Charging that the Chinese government invests heavily in Arab interests, he said this could pose a threat to the United States' security.
Illegal aliens from many other countries as well as China often arrive on St. John. Since the territory has no border patrol agents, it is up to V.I. National Park and Police Department personnel to apprehend them.
Nissman said his office prosecutes every case brought to it by U.S. Immigration and Customs Enforcement, which comes under the umbrella of the federal Homeland Security Department. However, he acknowledged that the immigration unit sometimes handles cases administratively.
Nissman also addressed a pending land deal between the National Park Service and the local government so the local government can build a school on St. John. Currently, students at Julius E. Sprauve School in Cruz Bay must contend with constant traffic noise, and St. John has no public high school.
Since the federal government cannot swap park land, Nissman has suggested that the local government lease park land, probably at Catherineberg, in exchange for the territory giving up rights to land it owns within the boundaries of Salt River Bay National Historic Park and Ecological Preserve.
"What's the problem? Do you think the federal government is going to kick kids out of school?" he asked, suggesting that a 99-year lease on the land might be possible.
Nissman said that sending St. John students to St. Thomas to school hinders their education because it's difficult for them to participate in after-school activities. And he noted that he's heard St. John youths often drop out at age 16 because they don't sense the importance of education. Building a school for students all the way through high school on St. John would, he said, help prevent crime.

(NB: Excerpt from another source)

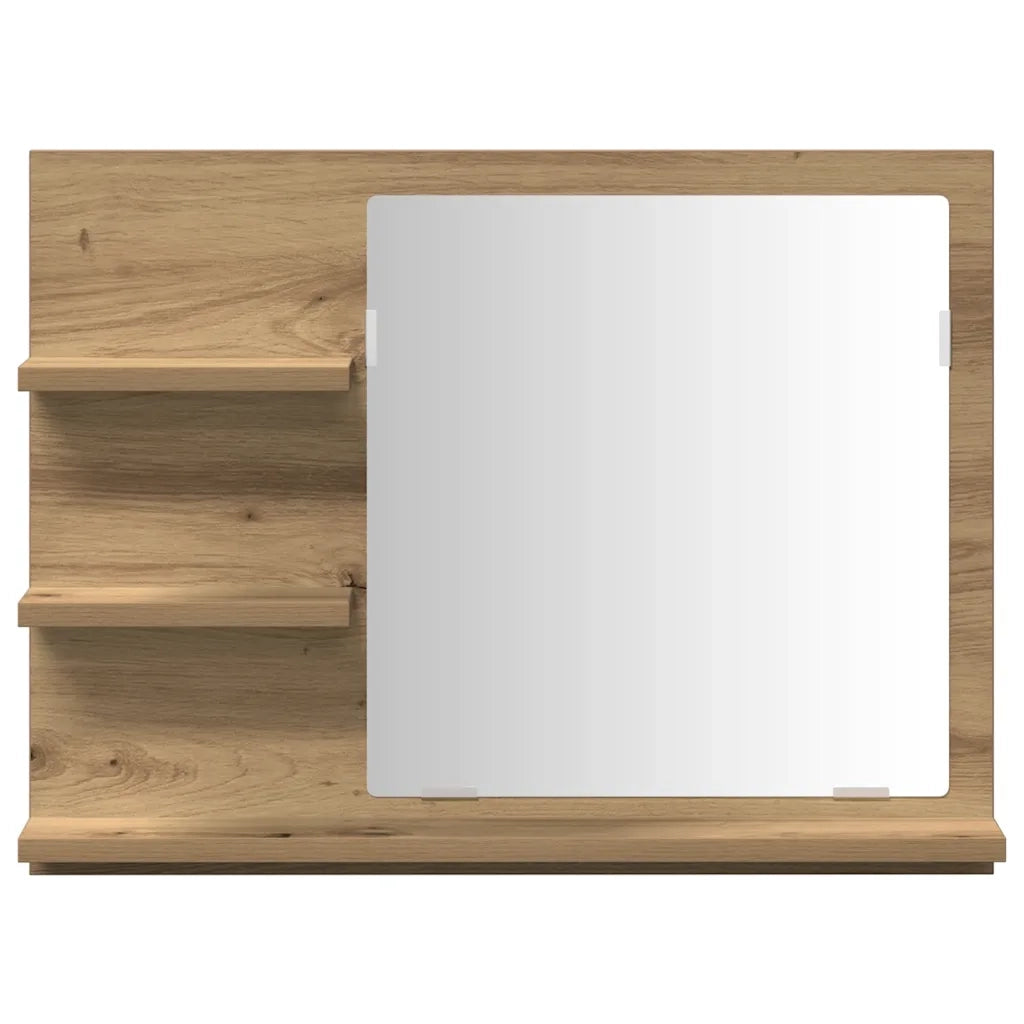 Armadietto a Specchio da Bagno Rovere Artigianale 60x10,5x45 cm 856256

"If we don't think about crime prevention, we're always going to be these street sweepers," he said, referring to law enforcement's job of picking up criminals.

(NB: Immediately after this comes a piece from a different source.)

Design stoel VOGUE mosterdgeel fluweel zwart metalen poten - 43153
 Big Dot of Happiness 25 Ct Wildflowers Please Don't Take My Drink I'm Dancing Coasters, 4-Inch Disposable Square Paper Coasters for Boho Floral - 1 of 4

Nissman also suggested that the park place its proposed museum on the school grounds as a way to educate students about the park.
Shirley Joseph, who retired last year as Sprauve principal, suggested that the school curriculum include trade courses such as those that would prepare students to work in the marine, science and environmental industries. "And people in the business community should serve as mentors," she said.
Nissman also discussed the U.S. Justice Department's push to prosecute corruption in the local government. As an example, he said, local government officials may violate federal mail and wiretap laws by failing to comply with local bidding laws. Such practices means the public pays more than it should for shoddy workmanship.
"And people who deliver a good job won't participate," he said.
He urged the Rotarians to report any suspected violations to his office.
Nissman promised to spend one day a month on St. John to deal with issues pertinent to the island. "If I miss a month, the next month I'll come two days," he said.